The migration, which became more noticeable starting around five years ago, has coincided with gang involvement in new areas of crime, including real estate fraud and identity theft, according to the report.

Among the report’s findings is that there are up to 100 street gangs with as many as 125,000 combined members in and around Chicago. Ten to 20 of the gangs, including the powerful Gangster Disciples, the Latin Kings and the Vice Lords, are sophisticated, well-organized entities, it says.

The document, titled “The Gang Book,” is also meant to serve as a guide for suburban police, parents and businesses who may know little to nothing about gangs or how to identify gang members.

It includes photographs of gang hand signs and tattoos, as well as block-by-block maps showing which gangs control what parts of the Chicago area. There’s also an explanation of gang slang: “cabbage,” according to a lengthy glossary, means cash money, and “a kite in the wind” is a letter sent to a prisoner.

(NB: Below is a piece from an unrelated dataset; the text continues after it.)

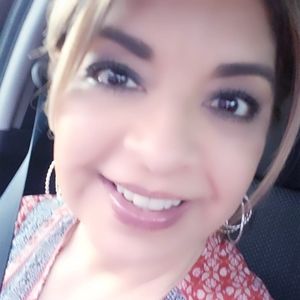 Meet your Posher, Yvonne santa cruz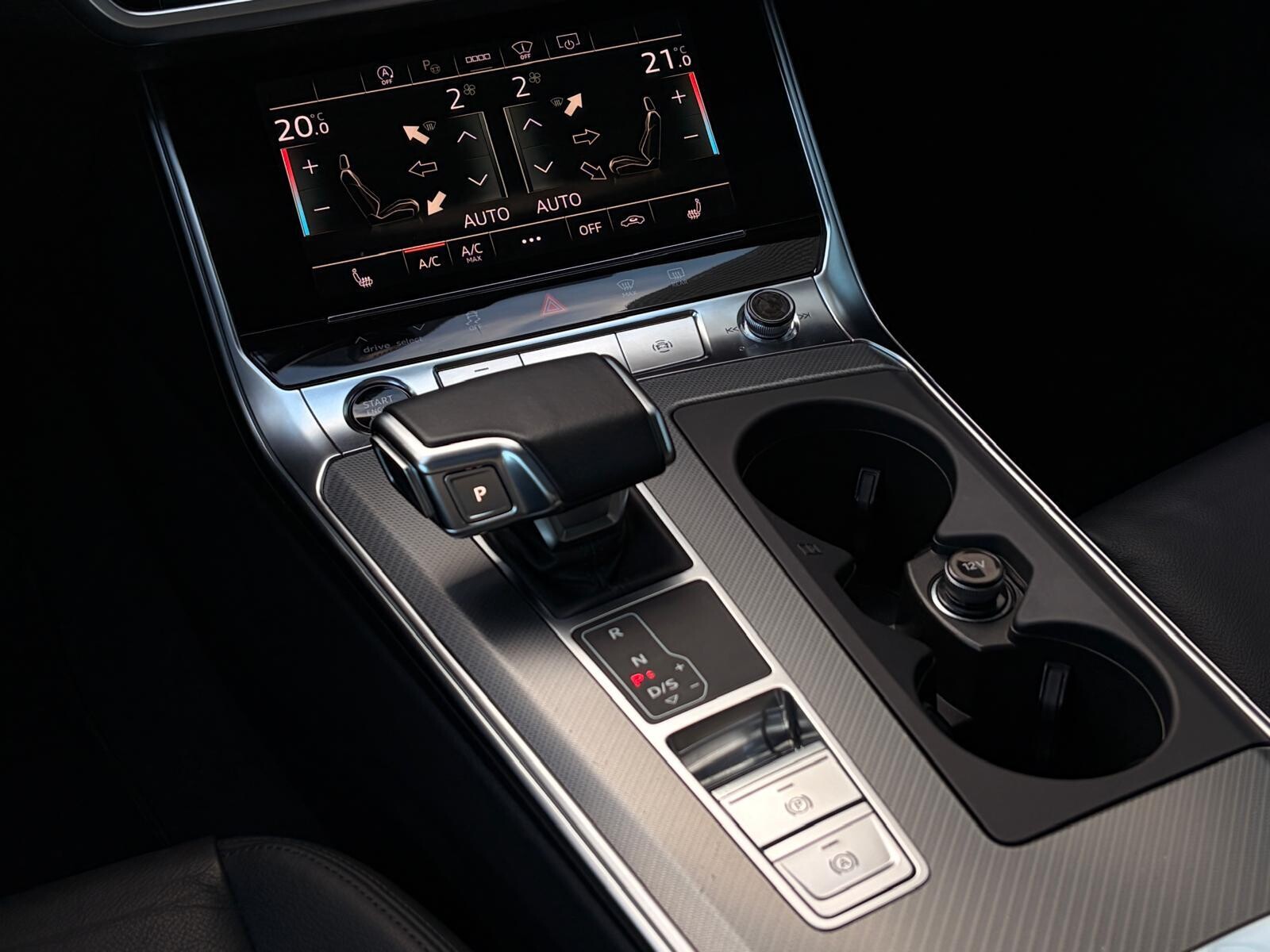 Audi A6 Avant - zdjęcie 26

Des Plaines Mayor Tony Arredia, who took office in the northwest suburb in 2000, said suburban authorities don’t need a report to tell them that gangs exist outside Chicago.

“Gang activity in the suburbs is not new. It hasn’t been new since way before I was the mayor. When my kids were in school- they’re grown men now- we had to worry about gang activity,” he said.

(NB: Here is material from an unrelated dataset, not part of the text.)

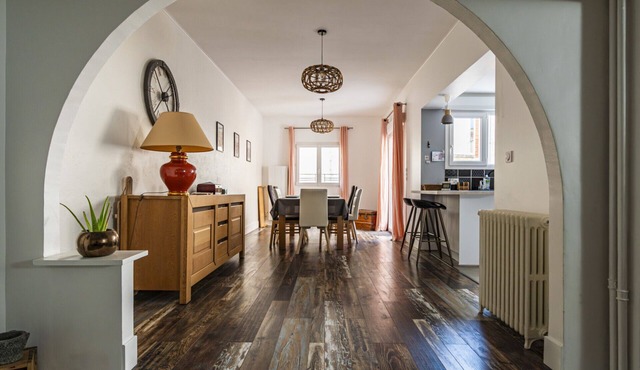 House-Private Bathroom-Exclusive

Arredia said he believes suburban police departments are good at keeping in touch regarding gang trends and activity in their areas.

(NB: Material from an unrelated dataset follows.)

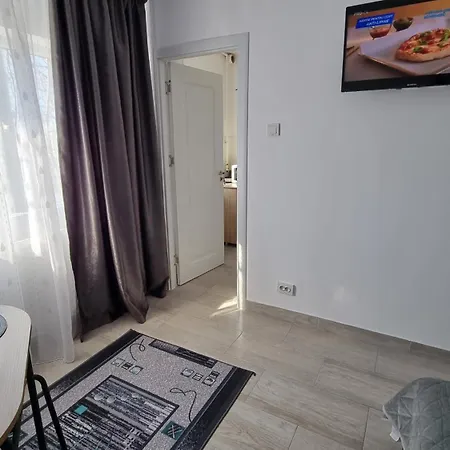 Garsoniera Apartment Giurgiu Exterior photo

“… We catch them a lot of times, too,” he said. “We know where they’re at and we know who they are and we know the gang signs.”

The Crime Commission’s report also briefly raises the possibility of gangs hooking up with foreign terrorist groups, such as by selling terrorists counterfeit immigration documents. But the report hastened to add that “there is little, if any, valid evidence currently linking Chicago street gangs to international terrorist groups.”

The report cites several reasons for the migration of some gang members out of Chicago.

One is that gangs presume – correctly in most cases, the report says – that suburban police aren’t as well equipped to scrutinize and disrupt their illegal activities.

Another reason is the phasing out and tearing down of high-rise housing projects in Chicago “that were hideouts for gangs, incubators for gang crime and were often impenetrable to law enforcement,” Wagner said.

The study does not provide an estimate of the number of gang members who might have moved to the suburbs, conceding the phenomenon is hard to quantify. But in its survey of 81 suburban police departments, the commission said it found most had come into contact with gangs in their communities.